I read it in one sitting. Händels Watermusic fit almost perfectly with the time it took me to read it. I didn’t get up in the process, even though my back started to hurt after a while. I like slice of life stories quite a bit. Yotsuba is amazing even though it is very different from Dillans work. But slice of life nonetheless. The Nao of Brown survives without a hugely dramatic conflict and still managed to grab me through characters alone.
Nao suffers from OCD, more exactly from violent morbid obsessions that make her want to kill people around her. She hides pens from herself and needs to remind herself constantly that she is a good person, that she is loved and that she doesn’t really want to kill anyone even though the feelings never leave her mind completely.
The Nao of Brown is a look into her life.

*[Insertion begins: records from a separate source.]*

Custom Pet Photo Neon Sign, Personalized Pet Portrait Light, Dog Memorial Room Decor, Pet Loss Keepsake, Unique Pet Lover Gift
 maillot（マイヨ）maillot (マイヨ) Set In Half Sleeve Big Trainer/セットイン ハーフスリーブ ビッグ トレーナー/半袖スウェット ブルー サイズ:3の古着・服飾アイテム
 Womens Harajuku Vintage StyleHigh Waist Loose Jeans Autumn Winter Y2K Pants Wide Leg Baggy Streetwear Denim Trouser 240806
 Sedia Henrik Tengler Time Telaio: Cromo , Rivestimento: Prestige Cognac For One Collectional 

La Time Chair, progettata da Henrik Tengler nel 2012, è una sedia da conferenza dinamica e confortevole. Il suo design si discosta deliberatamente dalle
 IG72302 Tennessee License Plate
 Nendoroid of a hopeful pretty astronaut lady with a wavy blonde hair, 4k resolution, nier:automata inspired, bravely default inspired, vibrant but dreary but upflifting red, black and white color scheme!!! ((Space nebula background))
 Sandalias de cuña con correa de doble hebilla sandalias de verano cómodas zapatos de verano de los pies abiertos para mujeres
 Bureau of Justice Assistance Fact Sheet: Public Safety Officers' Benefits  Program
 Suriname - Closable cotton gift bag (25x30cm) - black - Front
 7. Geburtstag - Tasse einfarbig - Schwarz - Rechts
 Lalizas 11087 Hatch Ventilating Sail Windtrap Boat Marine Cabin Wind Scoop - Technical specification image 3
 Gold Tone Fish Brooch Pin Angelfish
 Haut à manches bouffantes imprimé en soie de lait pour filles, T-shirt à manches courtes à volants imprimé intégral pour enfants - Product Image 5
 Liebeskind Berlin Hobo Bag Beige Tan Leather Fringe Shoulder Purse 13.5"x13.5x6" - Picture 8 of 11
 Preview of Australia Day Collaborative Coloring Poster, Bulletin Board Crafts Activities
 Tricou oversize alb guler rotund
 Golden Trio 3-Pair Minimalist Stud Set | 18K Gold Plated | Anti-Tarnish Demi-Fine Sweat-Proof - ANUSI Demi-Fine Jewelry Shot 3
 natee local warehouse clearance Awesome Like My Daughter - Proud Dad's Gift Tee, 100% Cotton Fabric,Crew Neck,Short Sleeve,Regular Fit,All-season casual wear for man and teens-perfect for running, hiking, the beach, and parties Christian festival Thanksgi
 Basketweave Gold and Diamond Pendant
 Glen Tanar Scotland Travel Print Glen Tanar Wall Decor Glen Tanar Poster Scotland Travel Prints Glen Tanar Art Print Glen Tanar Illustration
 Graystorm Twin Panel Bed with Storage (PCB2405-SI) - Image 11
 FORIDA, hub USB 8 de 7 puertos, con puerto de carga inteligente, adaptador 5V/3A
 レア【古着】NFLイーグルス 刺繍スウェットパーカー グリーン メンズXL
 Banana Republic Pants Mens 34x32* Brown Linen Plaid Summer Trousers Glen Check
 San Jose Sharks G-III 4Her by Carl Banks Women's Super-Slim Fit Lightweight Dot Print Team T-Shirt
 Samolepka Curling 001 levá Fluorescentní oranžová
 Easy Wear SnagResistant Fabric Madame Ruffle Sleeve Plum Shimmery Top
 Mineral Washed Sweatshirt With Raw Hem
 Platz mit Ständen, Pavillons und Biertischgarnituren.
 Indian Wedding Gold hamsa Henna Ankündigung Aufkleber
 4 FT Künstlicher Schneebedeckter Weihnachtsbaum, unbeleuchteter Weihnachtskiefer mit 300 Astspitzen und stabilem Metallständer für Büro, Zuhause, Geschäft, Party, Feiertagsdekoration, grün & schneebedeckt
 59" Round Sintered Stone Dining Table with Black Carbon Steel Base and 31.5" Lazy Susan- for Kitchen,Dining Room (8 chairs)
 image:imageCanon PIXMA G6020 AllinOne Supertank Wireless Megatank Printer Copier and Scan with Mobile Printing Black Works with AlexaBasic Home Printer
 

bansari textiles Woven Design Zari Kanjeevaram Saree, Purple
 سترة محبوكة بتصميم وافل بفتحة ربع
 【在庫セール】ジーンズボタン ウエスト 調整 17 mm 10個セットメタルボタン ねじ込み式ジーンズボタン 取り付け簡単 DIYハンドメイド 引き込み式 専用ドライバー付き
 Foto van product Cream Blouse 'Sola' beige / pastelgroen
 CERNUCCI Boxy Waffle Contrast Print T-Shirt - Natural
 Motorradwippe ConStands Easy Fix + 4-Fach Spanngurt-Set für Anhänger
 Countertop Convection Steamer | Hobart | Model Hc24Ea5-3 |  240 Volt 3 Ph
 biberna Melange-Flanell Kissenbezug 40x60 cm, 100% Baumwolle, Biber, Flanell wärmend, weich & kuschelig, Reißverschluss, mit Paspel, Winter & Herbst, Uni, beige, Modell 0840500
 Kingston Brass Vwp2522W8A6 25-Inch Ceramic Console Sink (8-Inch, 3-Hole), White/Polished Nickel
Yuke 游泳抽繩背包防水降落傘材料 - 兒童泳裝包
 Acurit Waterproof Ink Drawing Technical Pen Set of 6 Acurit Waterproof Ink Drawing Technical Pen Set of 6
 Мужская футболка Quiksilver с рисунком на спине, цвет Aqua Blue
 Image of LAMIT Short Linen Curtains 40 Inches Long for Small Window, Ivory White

We see almost all the aspects of it and we learn to like this petite woman with a liking for read and vinyl toys. We meet a washing machine repair man who she will kind of fall in love with and an old childhood friend of hers who’s unrequited love caused some sadness in me. I feel like this is it. There was somewhat of a peak in the story, but it felt too short to really have an impact. I came to accept the book for what it was after it left me hanging in the air for a bit. I felt like the real moments, the stuff that would cause characters to change and to evolve was kind of left out. But then again, all the things we see laid the groundwork for that to happened so my complaints are of minor concern. It is a round and well thought out story that could have excelled with a tiny bit of clarity in the end. I guess that leaving out that particular bit and skipping ahead makes it all better. Too much exposition can’t be good either I tell myself as I wonder what happened during the time skip. At this point I realize that the story must have succeeded in making me care about it.
What makes the book so easy to read and Nao so lovable is in huge parts the art. This is hands down the prettiest book I have seen this year. The water colors are amazing and the whole book is just a feast for the eyes. I haven’t seen much of Glyn Dillons work before this, but with this he must have outdone himself.
The Nao of Brown should be available wherever good comics are sold and you should be able to order it in these places as well. As always, support your local comic store! It will be yours for the price of $25+tax and comes in a hardcover format. Published by Self Made Hero this is one god damn beautiful and thoughtful book.